He remains silent, not so much because she asked him to, but because he knows he would be unable to utter a single word, as much as his mind is unable to grasp what he just heard.

It cannot be. Impossible.

For a moment he wonders if she just made up this hair-raising tale to deter him from his plan to duel it out with her husband.

It is simply incredible.

 

And yet, there has been a brief moment even then, a tiny fragment of a second only, after the shot, when he ran back inside and saw the rifle leaning against the wall, and even if he then told himself it was only concern about her safety that made him climb up the stairs and open the door to the bathroom-

The sight of her in the tub, her slender, graceful shape, the soft, rosy skin he could not fail to notice even in his frantic state of shock and pain, only conceiled with a towel she had hastily clutched over her breasts- her eyes wide with fear- of _him_ , as he knows now, always of him-and he had asked her if she was alright and even felt vaguely offended that she didn't ask it back, when he was visibly so gravely wounded-

 

How was it possible that she- this petite, fragile person, should have been capable of such a violent act?

What did he expect she would confess to him anyway?

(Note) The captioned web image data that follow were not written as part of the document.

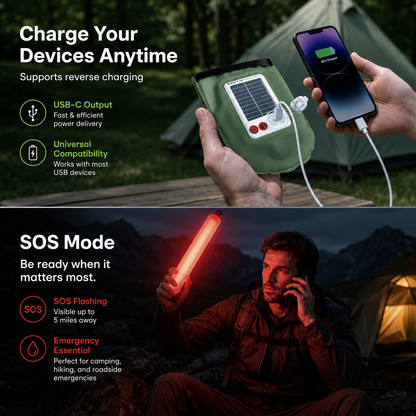 LumiFlex - Flexible, portable lighting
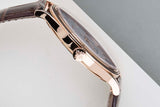 Calatrava 'Rose Gold - Silver Dial'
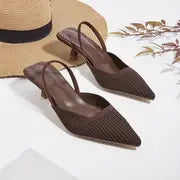 Chantalle - Summer Whisper, Elegante Damen-Slingback-Sandalen mit spitzem Zeh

Some small, pathetic acts of rebellion against the unwelcome intruder in her house? That she allowed his socks to disappear in the laundry, poured itching rosehip powder into the collar of his jacket or castor oil in his morning tea?

He doesn't know. But certainly not that she shot at him in cold blood and with the intend to kill.

 

"I had just stepped into the tub as you walked in," she explains with a grim smile. "My blood-stained clothes were hidden under the closet, and if you had taken a look to the left, you would have found my bloodied hand print on the wall next to the door."

 

He wishes she would just stop talking. Can she not feel his whole body shaking with tension, his heart pounding frantically in his chest against her head, shattered to pieces more and more with every word she says?

But she goes on, mercilessly. "Can you even imagine how frustrated I was?" she snorts out a mirthless laugh. "All these years, all throughout the war, I have wanted you dead. After my failed attempt, when Abe told me of his plans to join Arnold's legion to get the chance to kill you, I implored him not to miss. And I told Caleb the same, when he rode off to Blandford to save Abe. But you simply wouldn't die! No matter what we tried- even Hewlett failed in the end-"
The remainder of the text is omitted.